Iran Deal: GOP-controlled Congress Hands Obama Another Win

Sunday, September 6, 2015
By Paul Martin

by Steve Byas
TheNewAmerican.com
Saturday, 05 September 2015

With Senator Barbara Mikulski (D-Md.) announcing her support for President Obama’s nuclear deal with Iran, it appears that the president has won yet another “battle” with the Republican-controlled Congress.

Although the Constitution clearly states that any treaty negotiated by the president must have the approval of two thirds of the U.S. Senate, Senator Bob Corker (R-Tenn.) paved the way for yet another Obama victory over Congress and the Republicans when he won passage of the Corker-Menendez bill back in April. This legislation flipped the necessity of a president obtaining the vote of two thirds of the Senate to gain treaty approval, creating a situation wherein he, in effect, must have the support of only one third of each house of Congress.
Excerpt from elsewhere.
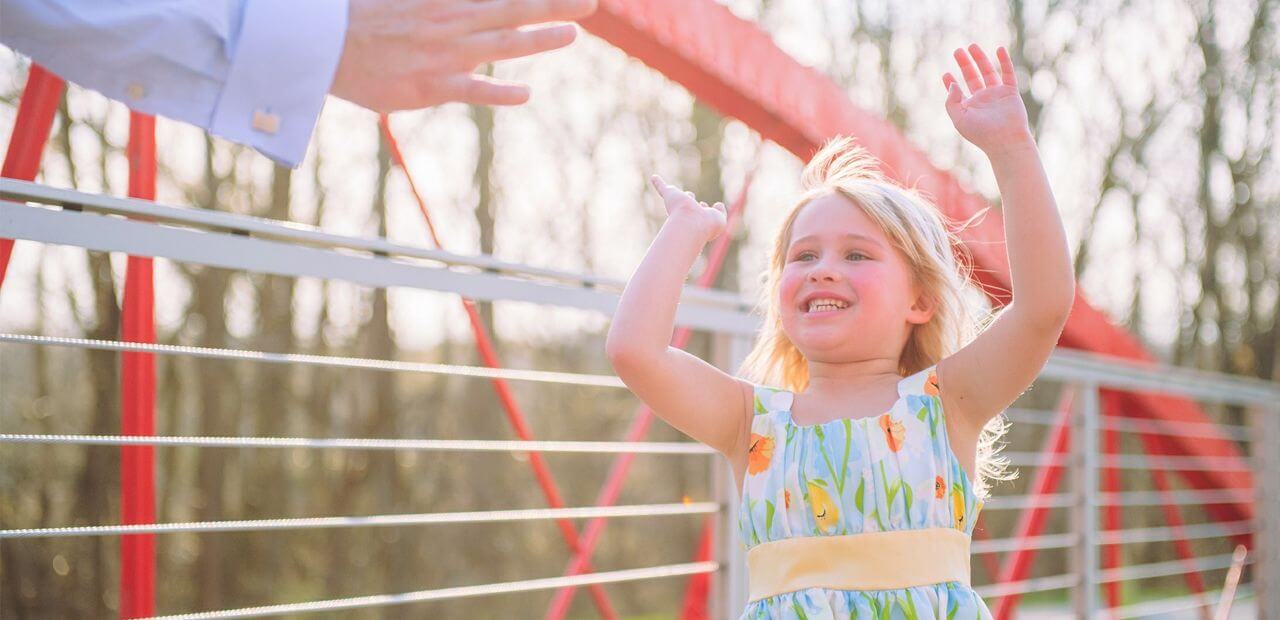 Unsplashed background img 1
This is because, thanks to Senator Corker and all those members of Congress who voted for his legislation (S. 615), the president would submit the measure (which Obama insists on calling an “executive agreement” rather than a treaty) to Congress, which could then vote a resolution of disapproval. If the measure failed to win two thirds of both houses of Congress, then President Obama could simply veto the act of disapproval.

Constitutionally, Congress had no authority to transfer its powers to the president. The Constitution requires, in Article II, Section 2, that the president of the United States “shall have Power, by and with the Advice and Consent of the Senate, to make Treaties, provided two thirds of the Senators present concur.” Every member of Congress has taken an oath to follow the Constitution. Nothing is said in that document about allowing members of Congress to surrender any of their powers to the president.

It also makes no practical sense. Without the Corker bill, the agreement still would have required a two-thirds vote in the affirmative, instead of Corker’s one-third. This is like a football team that’s leading by four points (with only three more plays to run out the clock), deciding to punt the ball on first down.

How Corker and others in Congress could have willingly given up their constitutional powers is suspicious and disturbing. In the August 24 edition of the print version of The New American, Senior Editor William F. Jasper concludes that it was due either to “incompetence or skullduggery.”